Caption-style text data
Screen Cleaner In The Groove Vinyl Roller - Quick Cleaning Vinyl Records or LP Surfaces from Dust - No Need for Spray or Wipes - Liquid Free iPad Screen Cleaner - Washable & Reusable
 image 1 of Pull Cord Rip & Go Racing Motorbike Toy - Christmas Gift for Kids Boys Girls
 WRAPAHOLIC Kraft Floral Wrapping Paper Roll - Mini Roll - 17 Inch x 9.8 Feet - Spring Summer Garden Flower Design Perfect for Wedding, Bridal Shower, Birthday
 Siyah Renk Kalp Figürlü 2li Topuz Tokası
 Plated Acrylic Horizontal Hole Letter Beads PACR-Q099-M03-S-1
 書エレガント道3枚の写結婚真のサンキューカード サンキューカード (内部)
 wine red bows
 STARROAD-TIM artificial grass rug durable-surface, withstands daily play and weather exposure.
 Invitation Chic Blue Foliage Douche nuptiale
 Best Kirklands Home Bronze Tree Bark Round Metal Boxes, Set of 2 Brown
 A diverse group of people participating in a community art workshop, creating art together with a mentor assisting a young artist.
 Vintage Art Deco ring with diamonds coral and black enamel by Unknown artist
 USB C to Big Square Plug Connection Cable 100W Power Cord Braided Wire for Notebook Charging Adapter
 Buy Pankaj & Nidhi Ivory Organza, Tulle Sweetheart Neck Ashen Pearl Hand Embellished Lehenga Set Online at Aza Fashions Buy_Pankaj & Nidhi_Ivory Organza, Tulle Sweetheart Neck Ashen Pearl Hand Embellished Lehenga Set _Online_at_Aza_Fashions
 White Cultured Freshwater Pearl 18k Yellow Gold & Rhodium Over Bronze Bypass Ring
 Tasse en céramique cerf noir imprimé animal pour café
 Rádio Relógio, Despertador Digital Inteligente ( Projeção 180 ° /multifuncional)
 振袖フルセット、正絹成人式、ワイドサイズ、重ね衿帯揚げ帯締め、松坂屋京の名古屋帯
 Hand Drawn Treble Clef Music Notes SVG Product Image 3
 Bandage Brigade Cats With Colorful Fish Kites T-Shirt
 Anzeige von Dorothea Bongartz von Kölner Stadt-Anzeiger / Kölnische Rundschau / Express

> [What the task asks]: In the records above, locate the line that contains "WRAPAHOLIC Kraft Floral". Repeat it and every line after it, exactly, and nothing else.

> [Solution to the problem]:
 WRAPAHOLIC Kraft Floral Wrapping Paper Roll - Mini Roll - 17 Inch x 9.8 Feet - Spring Summer Garden Flower Design Perfect for Wedding, Bridal Shower, Birthday
 Siyah Renk Kalp Figürlü 2li Topuz Tokası
 Plated Acrylic Horizontal Hole Letter Beads PACR-Q099-M03-S-1
 書エレガント道3枚の写結婚真のサンキューカード サンキューカード (内部)
 wine red bows
 STARROAD-TIM artificial grass rug durable-surface, withstands daily play and weather exposure.
 Invitation Chic Blue Foliage Douche nuptiale
 Best Kirklands Home Bronze Tree Bark Round Metal Boxes, Set of 2 Brown
 A diverse group of people participating in a community art workshop, creating art together with a mentor assisting a young artist.
 Vintage Art Deco ring with diamonds coral and black enamel by Unknown artist
 USB C to Big Square Plug Connection Cable 100W Power Cord Braided Wire for Notebook Charging Adapter
 Buy Pankaj & Nidhi Ivory Organza, Tulle Sweetheart Neck Ashen Pearl Hand Embellished Lehenga Set Online at Aza Fashions Buy_Pankaj & Nidhi_Ivory Organza, Tulle Sweetheart Neck Ashen Pearl Hand Embellished Lehenga Set _Online_at_Aza_Fashions
 White Cultured Freshwater Pearl 18k Yellow Gold & Rhodium Over Bronze Bypass Ring
 Tasse en céramique cerf noir imprimé animal pour café
 Rádio Relógio, Despertador Digital Inteligente ( Projeção 180 ° /multifuncional)
 振袖フルセット、正絹成人式、ワイドサイズ、重ね衿帯揚げ帯締め、松坂屋京の名古屋帯
 Hand Drawn Treble Clef Music Notes SVG Product Image 3
 Bandage Brigade Cats With Colorful Fish Kites T-Shirt
 Anzeige von Dorothea Bongartz von Kölner Stadt-Anzeiger / Kölnische Rundschau / Express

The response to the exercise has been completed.